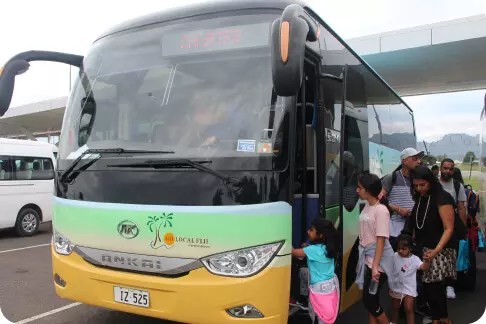 Fiji Tours Coral Coast: Adventure, Culture & Scenic Beauty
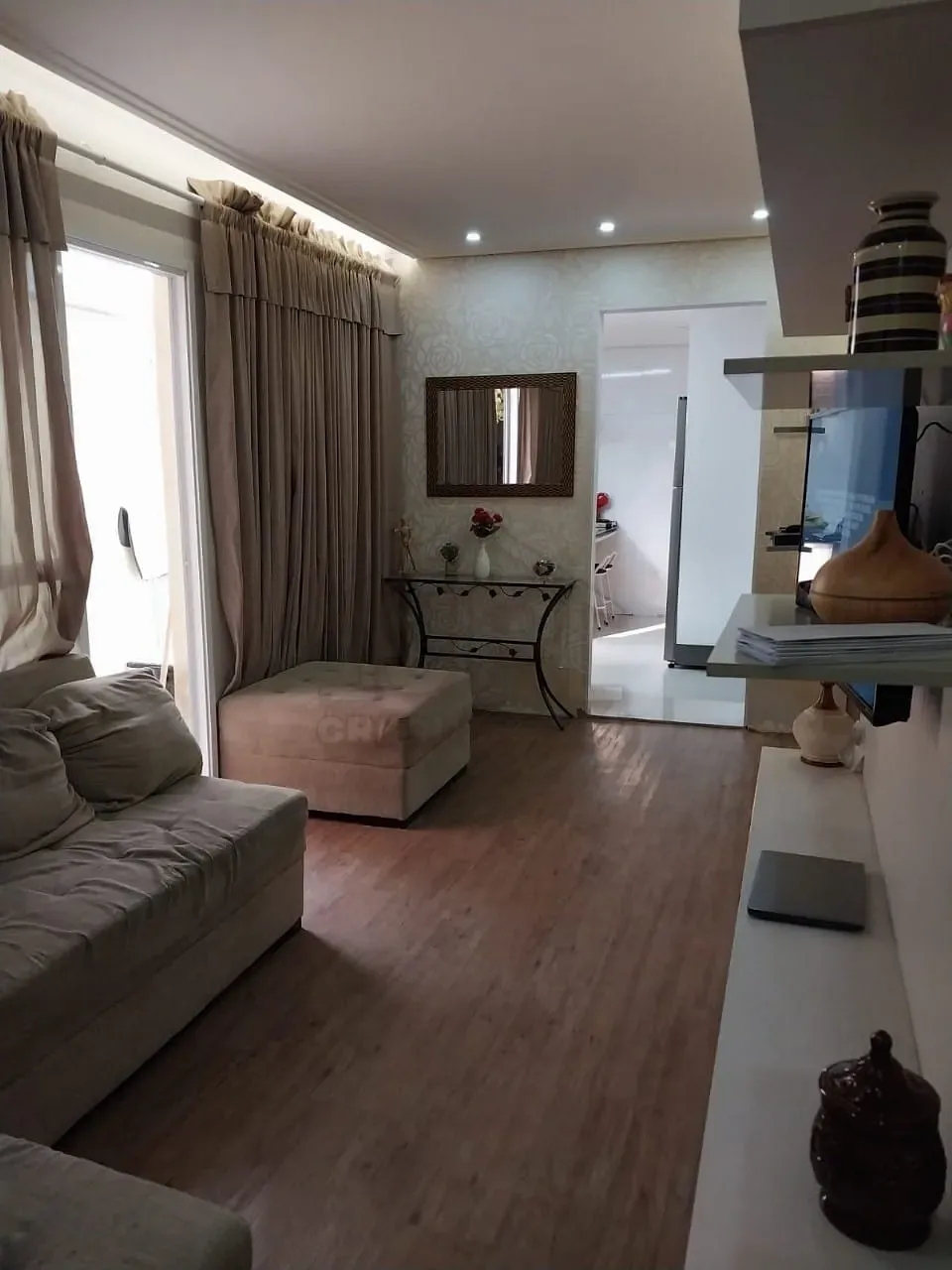 Apartamento, 2 quartos, 73 m² - Foto 1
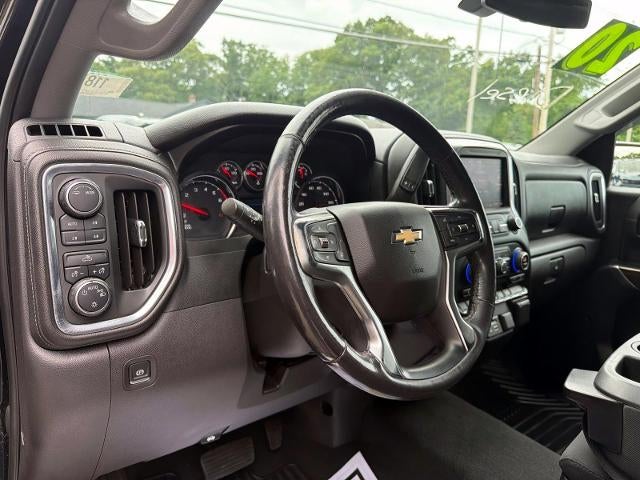 2020 Chevrolet Silverado 1500 LT All Star Edition
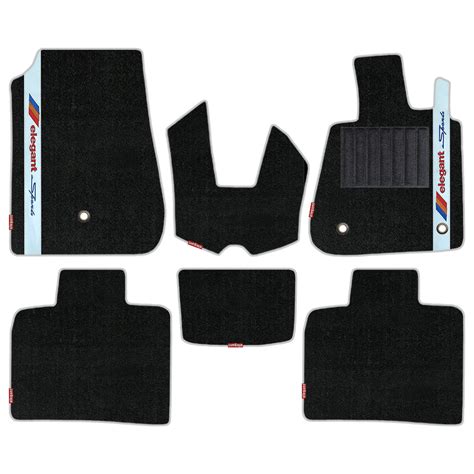 Sports Carpet Car Floor Mat For VinFast VF 6 – Elegant Auto Retail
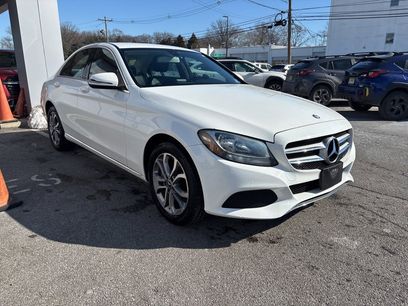 Used 2017 Mercedes-Benz C 300 4MATIC Sedan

ABOUT THIS EXERCISE: Quote exactly, and only, the lines from the one containing "Apartamento, 2 quartos, 73 m² - Foto 1" through the last line of the records above, both included; leave out any pictures.

OUTPUT FOR THIS EXERCISE:
 Apartamento, 2 quartos, 73 m² - Foto 1
 2020 Chevrolet Silverado 1500 LT All Star Edition
 Sports Carpet Car Floor Mat For VinFast VF 6 – Elegant Auto Retail
 Used 2017 Mercedes-Benz C 300 4MATIC Sedan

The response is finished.